• WORK INSTRUCTION:
Within the records below, filter for lines carrying the word "Print" and copy them.

• EXERCISE INPUTS:
□ □ □ □ □ □ □
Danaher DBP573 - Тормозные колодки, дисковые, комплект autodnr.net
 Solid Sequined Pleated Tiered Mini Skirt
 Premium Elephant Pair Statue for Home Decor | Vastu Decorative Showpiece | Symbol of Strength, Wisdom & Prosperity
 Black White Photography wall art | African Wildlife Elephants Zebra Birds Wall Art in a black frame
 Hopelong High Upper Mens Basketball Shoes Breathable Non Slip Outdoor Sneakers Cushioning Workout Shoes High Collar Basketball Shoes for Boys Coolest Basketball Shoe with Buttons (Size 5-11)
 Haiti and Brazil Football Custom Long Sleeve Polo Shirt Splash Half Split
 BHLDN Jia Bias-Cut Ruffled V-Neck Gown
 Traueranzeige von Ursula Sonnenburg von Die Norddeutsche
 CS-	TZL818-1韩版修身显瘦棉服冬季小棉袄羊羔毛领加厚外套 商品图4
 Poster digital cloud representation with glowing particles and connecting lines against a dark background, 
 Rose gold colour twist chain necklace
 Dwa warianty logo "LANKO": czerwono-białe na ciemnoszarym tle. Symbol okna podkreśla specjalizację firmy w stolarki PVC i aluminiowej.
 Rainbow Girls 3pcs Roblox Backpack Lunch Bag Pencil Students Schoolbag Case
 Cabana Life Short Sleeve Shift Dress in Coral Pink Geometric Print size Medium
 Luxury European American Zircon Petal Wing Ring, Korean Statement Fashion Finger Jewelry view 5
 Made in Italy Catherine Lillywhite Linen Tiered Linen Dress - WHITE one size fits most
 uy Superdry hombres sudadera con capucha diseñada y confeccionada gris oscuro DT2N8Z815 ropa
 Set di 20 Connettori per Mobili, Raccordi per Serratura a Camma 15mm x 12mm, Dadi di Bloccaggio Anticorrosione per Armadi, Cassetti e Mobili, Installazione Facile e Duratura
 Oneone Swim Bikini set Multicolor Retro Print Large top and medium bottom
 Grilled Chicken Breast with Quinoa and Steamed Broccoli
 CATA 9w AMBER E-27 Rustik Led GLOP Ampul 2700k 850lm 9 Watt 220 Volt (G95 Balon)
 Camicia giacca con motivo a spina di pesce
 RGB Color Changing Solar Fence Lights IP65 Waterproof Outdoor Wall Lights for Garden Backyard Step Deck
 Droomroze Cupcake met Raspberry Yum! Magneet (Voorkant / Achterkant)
□ □ □ □ □ □ □
• TASK SOLUTION:
 Cabana Life Short Sleeve Shift Dress in Coral Pink Geometric Print size Medium
 Oneone Swim Bikini set Multicolor Retro Print Large top and medium bottom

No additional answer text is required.